IN THE stormy and ever-changing world of global finance, insurance has remained a relatively placid backwater. With the notable exception of AIG, an American insurer bailed out by the taxpayer in 2008, the industry rode out the financial crisis largely unscathed. Now, however, insurers face unprecedented competitive pressure owing to technological change. This pressure is demanding not just adaptation, but transformation.
The essential product of insurance—protection, usually in the form of money, when things go wrong—has few obvious substitutes. Insurers have built huge customer bases as a result. Investment revenue has provided a reliable boost to profits. This easy life led to a complacent refusal to modernise. The industry is still astonishingly reliant on human labour. Underwriters look at data but plenty still rely on human judgment to evaluate risks and set premiums. Claims are often reviewed manually.
The march of automation and technology is an opportunity for new entrants. Although starting a new soup-to-nuts insurer from scratch is rare, many companies are taking aim at parts of the insurance process. Two Sigma, a large American “quant” hedge fund, for example, is betting its number-crunching algorithms can gauge risks and set prices for insurance better and faster than any human could. Other upstarts have developed alternative sales channels. Simplesurance, a German firm, for example, has integrated product-warranty insurance into e-commerce sites.
Insurers are responding to technological disruption in a variety of ways. Two Sigma contributes its analytical prowess to a joint venture with Hamilton, a Bermudian insurer, and AIG, which actually issues the policies (currently only for small-business insurance in America). Allianz, a German insurer, simply bought into Simplesurance; many insurers have internal venture-capital arms for this purpose. A third approach is to try to foster internal innovation, as Aviva, a British insurer, has done by building a “digital garage” in Hoxton, a trendy part of London.

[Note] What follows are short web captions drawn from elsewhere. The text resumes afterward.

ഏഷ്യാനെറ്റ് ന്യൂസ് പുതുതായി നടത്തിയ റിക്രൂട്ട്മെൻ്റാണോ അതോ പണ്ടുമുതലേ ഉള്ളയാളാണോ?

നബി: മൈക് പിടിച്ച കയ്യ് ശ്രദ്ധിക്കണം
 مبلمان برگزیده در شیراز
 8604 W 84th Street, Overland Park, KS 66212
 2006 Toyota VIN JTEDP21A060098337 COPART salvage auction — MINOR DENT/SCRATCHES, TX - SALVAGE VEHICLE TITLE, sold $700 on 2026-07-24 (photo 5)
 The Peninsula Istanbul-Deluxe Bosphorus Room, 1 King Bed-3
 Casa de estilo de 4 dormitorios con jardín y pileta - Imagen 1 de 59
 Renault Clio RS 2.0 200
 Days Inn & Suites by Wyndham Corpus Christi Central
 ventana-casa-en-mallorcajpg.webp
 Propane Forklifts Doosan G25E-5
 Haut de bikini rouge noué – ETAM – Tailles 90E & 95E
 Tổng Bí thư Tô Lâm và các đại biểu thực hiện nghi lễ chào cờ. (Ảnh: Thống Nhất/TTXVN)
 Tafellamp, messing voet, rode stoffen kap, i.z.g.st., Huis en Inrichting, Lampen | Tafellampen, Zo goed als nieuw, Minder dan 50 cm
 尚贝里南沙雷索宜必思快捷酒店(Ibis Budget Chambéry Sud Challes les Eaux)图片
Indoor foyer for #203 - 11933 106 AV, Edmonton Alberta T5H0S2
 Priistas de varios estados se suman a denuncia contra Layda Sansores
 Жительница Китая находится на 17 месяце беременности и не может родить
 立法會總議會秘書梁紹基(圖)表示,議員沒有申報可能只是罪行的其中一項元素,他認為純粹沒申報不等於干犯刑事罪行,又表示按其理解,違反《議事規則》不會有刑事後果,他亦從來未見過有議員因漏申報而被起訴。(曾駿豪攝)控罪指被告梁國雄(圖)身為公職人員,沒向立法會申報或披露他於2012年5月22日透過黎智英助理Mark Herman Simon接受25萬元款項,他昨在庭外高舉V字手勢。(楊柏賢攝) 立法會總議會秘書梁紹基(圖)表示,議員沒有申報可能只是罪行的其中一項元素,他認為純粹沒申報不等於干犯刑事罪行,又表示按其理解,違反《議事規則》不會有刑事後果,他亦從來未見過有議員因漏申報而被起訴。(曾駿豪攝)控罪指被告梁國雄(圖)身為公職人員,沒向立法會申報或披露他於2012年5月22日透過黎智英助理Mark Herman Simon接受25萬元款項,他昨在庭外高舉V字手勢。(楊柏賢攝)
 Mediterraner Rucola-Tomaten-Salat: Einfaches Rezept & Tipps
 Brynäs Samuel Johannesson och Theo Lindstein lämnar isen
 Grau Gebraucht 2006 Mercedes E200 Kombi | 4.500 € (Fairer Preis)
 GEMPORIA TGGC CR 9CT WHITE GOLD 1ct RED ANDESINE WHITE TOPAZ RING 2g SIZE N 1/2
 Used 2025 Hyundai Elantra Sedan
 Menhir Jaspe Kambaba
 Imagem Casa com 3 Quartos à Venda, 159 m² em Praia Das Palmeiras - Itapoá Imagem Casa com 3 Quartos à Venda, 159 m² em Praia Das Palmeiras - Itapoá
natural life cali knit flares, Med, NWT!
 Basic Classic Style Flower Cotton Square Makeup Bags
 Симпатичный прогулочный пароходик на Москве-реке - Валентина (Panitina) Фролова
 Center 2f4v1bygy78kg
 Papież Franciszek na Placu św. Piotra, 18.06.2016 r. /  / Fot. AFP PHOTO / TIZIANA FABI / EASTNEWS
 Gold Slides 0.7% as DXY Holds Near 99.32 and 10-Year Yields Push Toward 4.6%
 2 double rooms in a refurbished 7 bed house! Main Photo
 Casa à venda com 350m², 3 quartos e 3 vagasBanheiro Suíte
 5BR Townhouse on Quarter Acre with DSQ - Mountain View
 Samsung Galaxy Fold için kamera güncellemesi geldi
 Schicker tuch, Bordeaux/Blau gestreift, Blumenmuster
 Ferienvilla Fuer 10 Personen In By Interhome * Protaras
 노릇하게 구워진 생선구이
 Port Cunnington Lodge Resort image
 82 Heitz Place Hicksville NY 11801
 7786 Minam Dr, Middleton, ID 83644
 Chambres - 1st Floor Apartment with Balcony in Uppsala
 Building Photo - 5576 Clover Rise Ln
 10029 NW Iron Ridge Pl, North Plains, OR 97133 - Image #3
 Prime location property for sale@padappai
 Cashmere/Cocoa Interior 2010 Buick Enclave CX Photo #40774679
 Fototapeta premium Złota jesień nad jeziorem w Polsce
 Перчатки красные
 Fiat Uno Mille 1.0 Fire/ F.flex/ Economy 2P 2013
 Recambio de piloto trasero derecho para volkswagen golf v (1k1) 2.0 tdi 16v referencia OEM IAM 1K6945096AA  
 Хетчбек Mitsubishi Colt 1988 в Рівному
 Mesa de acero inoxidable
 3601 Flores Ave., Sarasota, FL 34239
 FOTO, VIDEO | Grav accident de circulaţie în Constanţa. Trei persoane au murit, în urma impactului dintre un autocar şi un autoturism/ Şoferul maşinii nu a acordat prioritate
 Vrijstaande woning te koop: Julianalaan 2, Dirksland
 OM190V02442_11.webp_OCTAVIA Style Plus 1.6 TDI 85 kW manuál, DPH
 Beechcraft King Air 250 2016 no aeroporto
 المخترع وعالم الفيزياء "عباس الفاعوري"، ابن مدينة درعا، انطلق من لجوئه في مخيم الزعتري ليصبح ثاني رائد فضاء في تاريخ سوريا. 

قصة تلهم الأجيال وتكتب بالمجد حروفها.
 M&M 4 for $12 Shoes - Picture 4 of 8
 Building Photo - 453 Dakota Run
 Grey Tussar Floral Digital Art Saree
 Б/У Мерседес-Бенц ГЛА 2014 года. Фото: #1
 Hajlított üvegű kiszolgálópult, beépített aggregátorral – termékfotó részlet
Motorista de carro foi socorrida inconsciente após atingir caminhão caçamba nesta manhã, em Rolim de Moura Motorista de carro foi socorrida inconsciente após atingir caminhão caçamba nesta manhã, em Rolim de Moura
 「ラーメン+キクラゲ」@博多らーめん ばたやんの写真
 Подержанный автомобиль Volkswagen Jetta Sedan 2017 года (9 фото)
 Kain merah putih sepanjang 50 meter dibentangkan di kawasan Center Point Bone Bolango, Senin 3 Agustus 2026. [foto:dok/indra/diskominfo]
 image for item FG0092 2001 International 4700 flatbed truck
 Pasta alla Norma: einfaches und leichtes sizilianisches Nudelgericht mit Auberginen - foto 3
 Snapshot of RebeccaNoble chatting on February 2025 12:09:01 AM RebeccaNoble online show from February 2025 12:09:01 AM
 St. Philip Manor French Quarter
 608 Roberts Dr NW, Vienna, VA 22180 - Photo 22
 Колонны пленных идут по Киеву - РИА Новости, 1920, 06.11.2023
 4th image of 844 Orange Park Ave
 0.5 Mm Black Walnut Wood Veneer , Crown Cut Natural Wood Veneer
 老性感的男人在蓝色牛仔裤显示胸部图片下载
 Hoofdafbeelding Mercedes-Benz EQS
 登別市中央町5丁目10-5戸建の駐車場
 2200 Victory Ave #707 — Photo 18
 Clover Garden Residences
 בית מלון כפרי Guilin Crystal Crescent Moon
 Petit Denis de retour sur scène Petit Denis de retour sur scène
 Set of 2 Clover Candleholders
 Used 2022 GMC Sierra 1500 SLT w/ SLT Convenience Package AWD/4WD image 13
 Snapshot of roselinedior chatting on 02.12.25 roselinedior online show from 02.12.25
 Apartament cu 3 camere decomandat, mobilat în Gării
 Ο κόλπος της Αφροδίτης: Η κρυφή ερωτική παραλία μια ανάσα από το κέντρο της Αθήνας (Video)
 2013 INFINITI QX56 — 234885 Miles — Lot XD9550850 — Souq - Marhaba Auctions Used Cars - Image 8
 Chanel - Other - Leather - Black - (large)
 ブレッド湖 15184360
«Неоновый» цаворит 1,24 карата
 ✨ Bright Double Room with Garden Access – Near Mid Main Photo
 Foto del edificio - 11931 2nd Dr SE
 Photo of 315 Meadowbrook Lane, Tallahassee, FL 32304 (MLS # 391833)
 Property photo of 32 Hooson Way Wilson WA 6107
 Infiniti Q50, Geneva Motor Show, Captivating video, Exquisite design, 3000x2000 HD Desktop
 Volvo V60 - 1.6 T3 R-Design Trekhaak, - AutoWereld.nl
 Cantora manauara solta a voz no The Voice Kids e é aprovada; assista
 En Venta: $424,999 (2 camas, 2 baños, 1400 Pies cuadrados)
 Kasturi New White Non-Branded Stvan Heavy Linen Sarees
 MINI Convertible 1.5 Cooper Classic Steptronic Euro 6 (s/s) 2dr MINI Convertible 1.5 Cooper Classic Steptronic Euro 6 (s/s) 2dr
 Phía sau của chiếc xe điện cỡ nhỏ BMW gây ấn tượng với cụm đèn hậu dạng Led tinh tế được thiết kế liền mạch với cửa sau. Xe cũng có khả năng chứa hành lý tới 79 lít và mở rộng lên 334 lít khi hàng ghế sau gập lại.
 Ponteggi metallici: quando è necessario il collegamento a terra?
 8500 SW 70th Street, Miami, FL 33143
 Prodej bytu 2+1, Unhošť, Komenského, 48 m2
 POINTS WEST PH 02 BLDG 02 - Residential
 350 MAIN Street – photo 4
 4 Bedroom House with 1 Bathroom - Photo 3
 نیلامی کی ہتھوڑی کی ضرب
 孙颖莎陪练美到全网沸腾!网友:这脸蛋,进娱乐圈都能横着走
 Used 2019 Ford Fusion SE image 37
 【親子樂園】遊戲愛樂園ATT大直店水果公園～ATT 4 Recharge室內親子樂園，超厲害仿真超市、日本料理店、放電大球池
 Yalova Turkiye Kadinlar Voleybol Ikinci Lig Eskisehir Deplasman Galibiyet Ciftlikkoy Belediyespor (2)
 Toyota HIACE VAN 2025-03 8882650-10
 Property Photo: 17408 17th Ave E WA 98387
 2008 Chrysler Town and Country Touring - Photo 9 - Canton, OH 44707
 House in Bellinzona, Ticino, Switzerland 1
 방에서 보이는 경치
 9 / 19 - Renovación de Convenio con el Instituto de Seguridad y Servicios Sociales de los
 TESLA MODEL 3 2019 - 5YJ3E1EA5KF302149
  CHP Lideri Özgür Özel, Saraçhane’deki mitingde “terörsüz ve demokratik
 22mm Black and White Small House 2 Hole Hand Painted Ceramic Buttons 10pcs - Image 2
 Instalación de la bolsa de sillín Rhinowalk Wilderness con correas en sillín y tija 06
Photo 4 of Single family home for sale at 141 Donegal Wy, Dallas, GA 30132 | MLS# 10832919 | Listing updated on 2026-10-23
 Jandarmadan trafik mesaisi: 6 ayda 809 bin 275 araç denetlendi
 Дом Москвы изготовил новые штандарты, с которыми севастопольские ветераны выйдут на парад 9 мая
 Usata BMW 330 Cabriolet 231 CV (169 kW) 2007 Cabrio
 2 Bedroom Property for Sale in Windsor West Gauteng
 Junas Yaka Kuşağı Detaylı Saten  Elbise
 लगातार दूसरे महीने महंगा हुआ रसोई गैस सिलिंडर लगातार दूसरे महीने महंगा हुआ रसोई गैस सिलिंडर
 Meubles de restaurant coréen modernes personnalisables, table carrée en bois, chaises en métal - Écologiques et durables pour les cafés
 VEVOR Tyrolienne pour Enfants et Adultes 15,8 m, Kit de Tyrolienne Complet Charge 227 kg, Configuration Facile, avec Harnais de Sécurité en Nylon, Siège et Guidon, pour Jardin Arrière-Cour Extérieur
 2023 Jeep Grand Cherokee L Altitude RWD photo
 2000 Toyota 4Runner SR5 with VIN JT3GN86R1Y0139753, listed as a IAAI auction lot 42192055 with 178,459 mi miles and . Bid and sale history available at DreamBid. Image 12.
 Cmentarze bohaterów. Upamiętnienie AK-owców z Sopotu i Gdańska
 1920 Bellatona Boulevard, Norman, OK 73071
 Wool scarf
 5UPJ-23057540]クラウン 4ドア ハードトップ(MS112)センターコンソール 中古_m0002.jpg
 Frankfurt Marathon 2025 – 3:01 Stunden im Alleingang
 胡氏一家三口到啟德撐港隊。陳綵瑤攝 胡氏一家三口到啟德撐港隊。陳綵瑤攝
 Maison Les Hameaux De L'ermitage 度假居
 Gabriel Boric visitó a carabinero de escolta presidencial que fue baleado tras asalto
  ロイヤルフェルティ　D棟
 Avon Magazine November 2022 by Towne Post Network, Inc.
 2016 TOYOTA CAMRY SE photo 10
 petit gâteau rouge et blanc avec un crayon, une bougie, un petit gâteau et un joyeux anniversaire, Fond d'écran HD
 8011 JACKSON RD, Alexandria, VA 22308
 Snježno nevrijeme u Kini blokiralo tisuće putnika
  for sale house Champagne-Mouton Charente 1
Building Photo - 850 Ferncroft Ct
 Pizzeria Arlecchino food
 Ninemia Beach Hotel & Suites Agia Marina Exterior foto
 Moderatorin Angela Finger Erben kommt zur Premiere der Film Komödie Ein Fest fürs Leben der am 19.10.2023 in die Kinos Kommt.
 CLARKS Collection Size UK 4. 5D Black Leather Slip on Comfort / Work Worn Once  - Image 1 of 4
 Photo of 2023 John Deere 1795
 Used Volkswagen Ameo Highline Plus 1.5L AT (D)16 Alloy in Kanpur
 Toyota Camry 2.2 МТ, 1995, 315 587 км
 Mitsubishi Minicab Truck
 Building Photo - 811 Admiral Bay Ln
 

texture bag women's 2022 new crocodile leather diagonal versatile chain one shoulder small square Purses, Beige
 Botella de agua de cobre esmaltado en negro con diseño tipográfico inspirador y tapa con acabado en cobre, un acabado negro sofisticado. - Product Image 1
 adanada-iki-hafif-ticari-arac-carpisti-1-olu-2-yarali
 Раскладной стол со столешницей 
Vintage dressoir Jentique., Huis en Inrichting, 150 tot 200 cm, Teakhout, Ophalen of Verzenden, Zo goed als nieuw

The biggest threat that incumbents face is to their bottom line. Life insurers, reliant on investment returns to meet guaranteed payouts, have been stung by a prolonged period of low interest rates. The tough environment has accelerated a shift in life insurance towards products that pass more of the risk to investors. Standard Life, a British firm, made the transition earlier than most, for example, and has long been primarily an asset manager.